'''

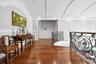 Corridor featuring a decorative wall, dark wood finished floors, and crown molding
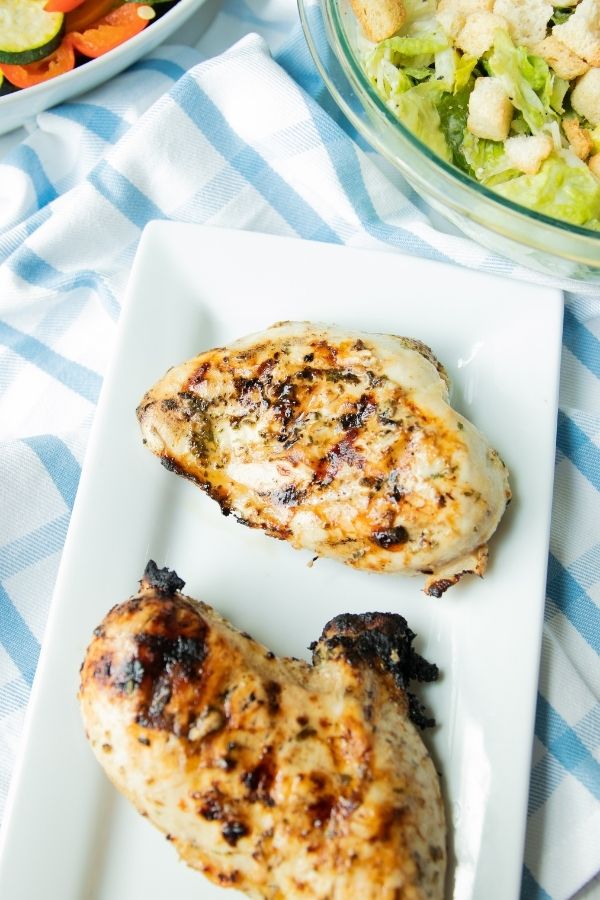 chicken on counter with salad and vegetables by it 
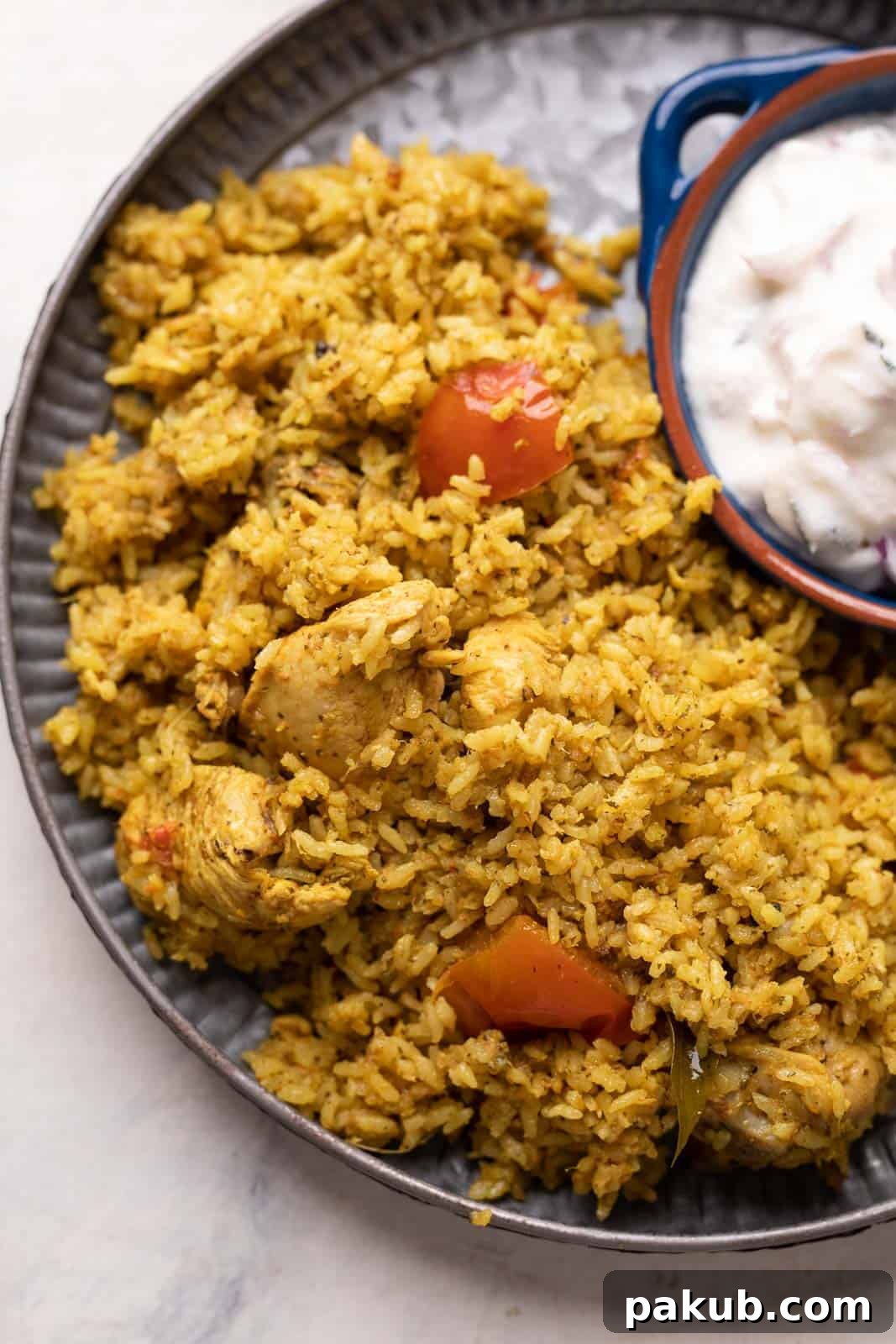 Delicious Chicken Pulao served on a grey plate with a side of raita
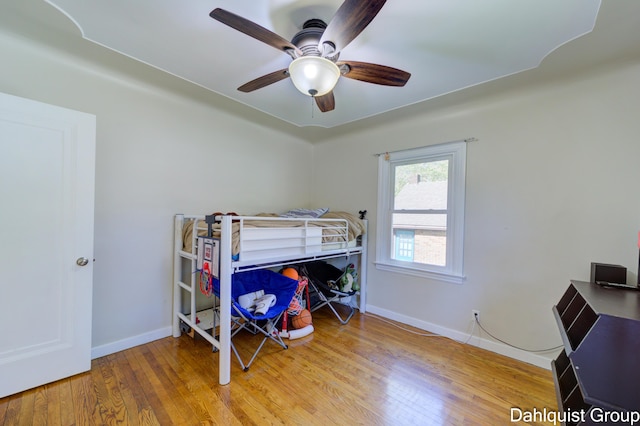 1573 N Whitehall Rd, Muskegon, MI 49445 - bedroom featuring wood finished floors, baseboards, and a ceiling fan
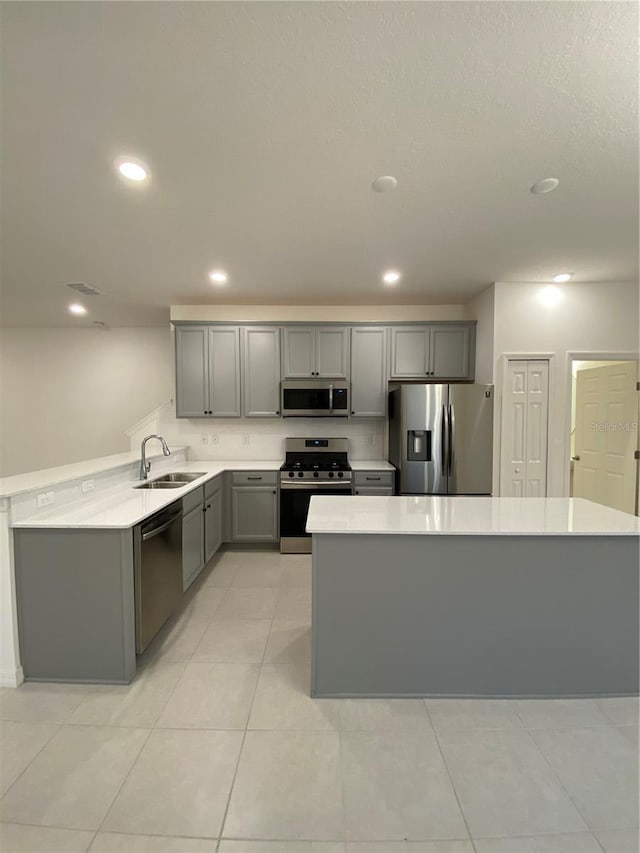 kitchen with recessed lighting, a sink, gray cabinetry, light countertops, and appliances with stainless steel finishes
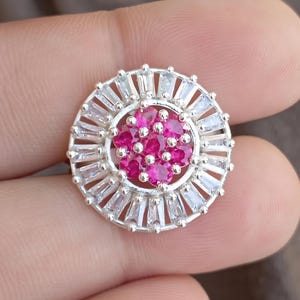 Puede incluir: Un anillo de plata con un diseño redondo que presenta un grupo de piedras preciosas rosas rodeadas de piedras transparentes en forma de baguette.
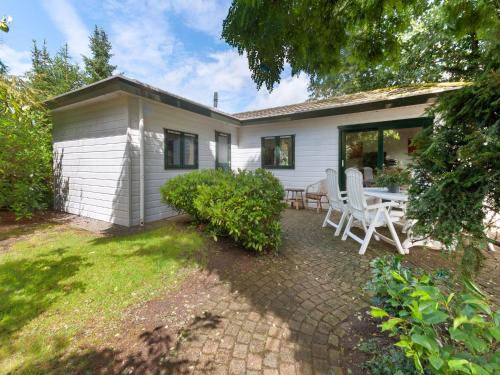 a house with a table and chairs in the yard at Chalet in Stegeren with Pool and Gardens in Stegeren
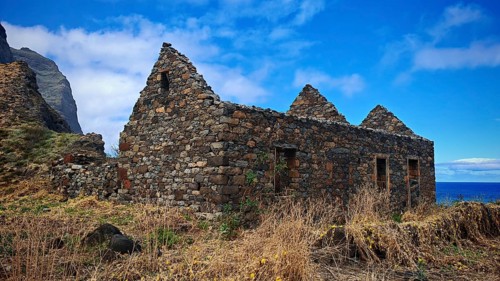 Abandoned stone houses, volcanic stone ruins nestled naturally in beautiful countryside with sea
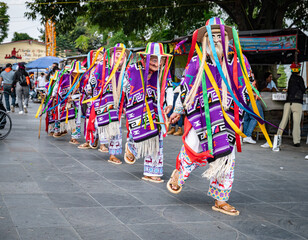 Vibrant costumes and masks in Danza de los Viejitos performance in Mexico
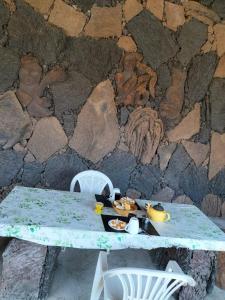 een tafel met eten naast een stenen muur bij Pensão Repouso Alegre Turismo e Aventura in Portela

'''

◆ EXERCISE ◆
A verbatim copy is needed of the lines running from the line with "Abandoned stone houses, volcanic" to the end of the data above, both included. Keep the pictures out of it.

◆ EXERCISE ANSWER ◆
 Abandoned stone houses, volcanic stone ruins nestled naturally in beautiful countryside with sea
 Vibrant costumes and masks in Danza de los Viejitos performance in Mexico
 een tafel met eten naast een stenen muur bij Pensão Repouso Alegre Turismo e Aventura in Portela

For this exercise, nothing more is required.